Expensive finite proof leaves use the covering_decide tactic. By default it uses ordinary decide, which is the kernel-checked final mode. For daily work, run selected files with native evaluation:

scripts/check-proof-mode.sh native CoveringCodes/Database/Sources/SmallExplicitUpper.lean
scripts/check-proof-mode.sh kernel CoveringCodes/Database/Sources/SmallLowerBounds.lean

The underlying Lean option is -Dweak.coveringCodes.useNativeDecide=true; use false or omit the option for kernel mode.

For full Lake builds, use Lake's -KproofMode=... configuration option before the command and force Lake to re-read the lakefile:

lake -KproofMode=native --reconfigure build covering_codes
lake -KproofMode=kernel --reconfigure build covering_codes

The helper script wraps the same command:

scripts/build-proof-mode.sh native covering_codes
scripts/build-proof-mode.sh kernel covering_codes

To compare resource usage, run:

scripts/measure-proof-modes.py --mode both --timeout 600

The measurement script prebuilds target imports first; the timed CSV rows then measure the selected Lean file runs themselves.

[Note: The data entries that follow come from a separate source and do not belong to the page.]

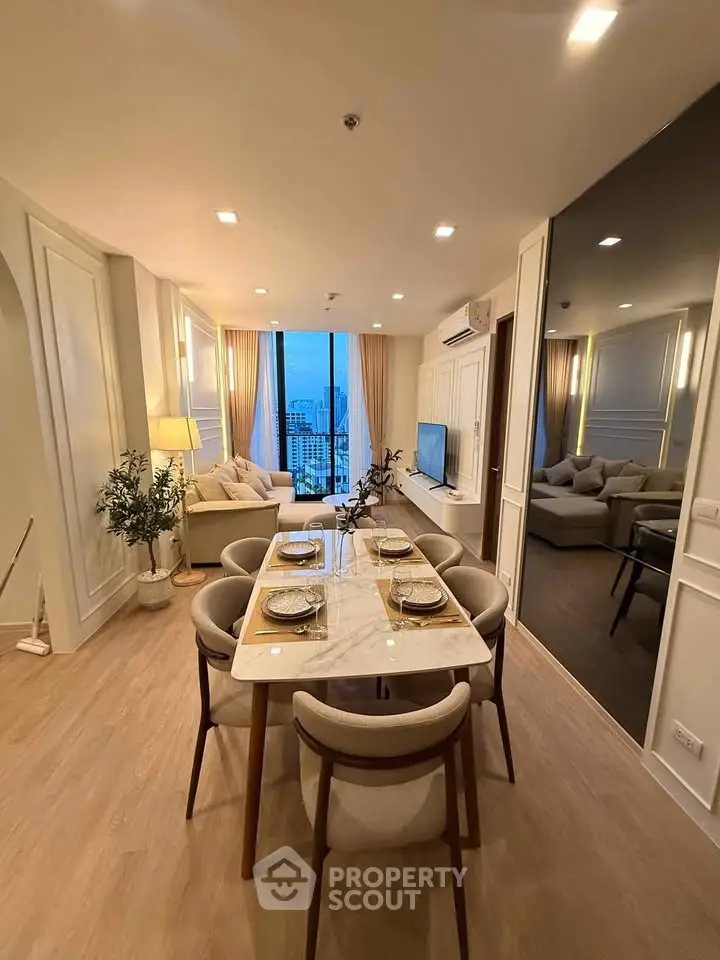 Luxurious modern living room with dining area and city view, featuring elegant decor and ample natural light.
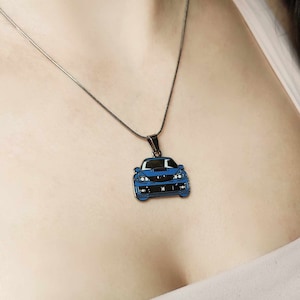 Könnte beinhalten: Eine silberne Kettenkette mit einem blauen Auto-Anhänger. Das Auto ist ein Subaru Impreza WRX STI.
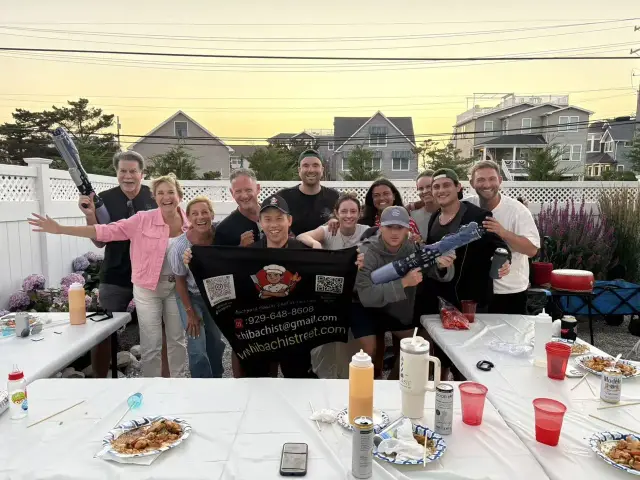 Guests having fun with the chef at a sunset backyard hibachi party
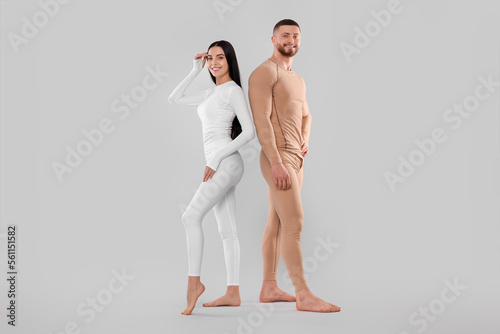 Man and woman in warm thermal underwear on light background photo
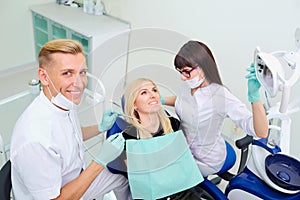 The dentist man and assistant woman are treating teeth to cli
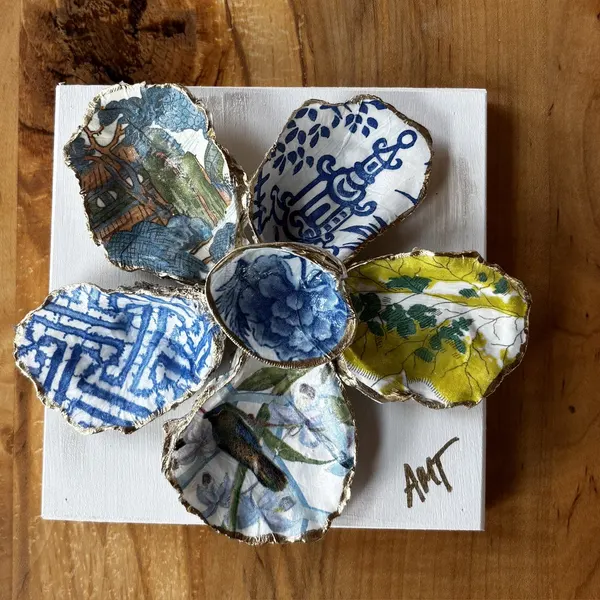 A six-petal shell flower wall art with chinoiserie, hummingbird, and floral patterns around a blue floral center.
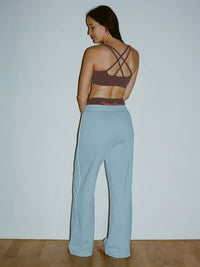 Back view of model wearing Star Bra in Maroon with intersecting straps, paired with relaxed fit pants.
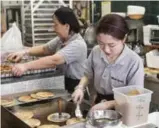  ??  ?? Sweet red bean pancakes, called hotteok, are made at Hado Kwaja Korean bakery.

For per-proof or per-K_q(n,r) CPU/RSS attribution, place that result in an isolated Lean file and pass it as label,q,n,r,file to the measurement script. Use --lean-memory-mb or LEAN_MEMORY_MB=... scripts/check-proof-mode.sh ... for large kernel experiments. In particular, the van Laarhoven kernel certificates are known to be very expensive and should be run only with explicit timeout and memory settings. The helper scripts refuse those kernel runs unless you opt in with ALLOW_VAN_LAARHOVEN_KERNEL=1 for check-proof-mode.sh, or --allow-van-laarhoven-kernel for measure-proof-modes.py.


Reproducibility

This repository is built with the Lean toolchain pinned in lean-toolchain:

leanprover/lean4:v4.30.0-rc2

Lake is the Lake version bundled with that Lean toolchain. The Lake dependency revisions are pinned in lake-manifest.json; users should use the committed manifest rather than updating dependencies.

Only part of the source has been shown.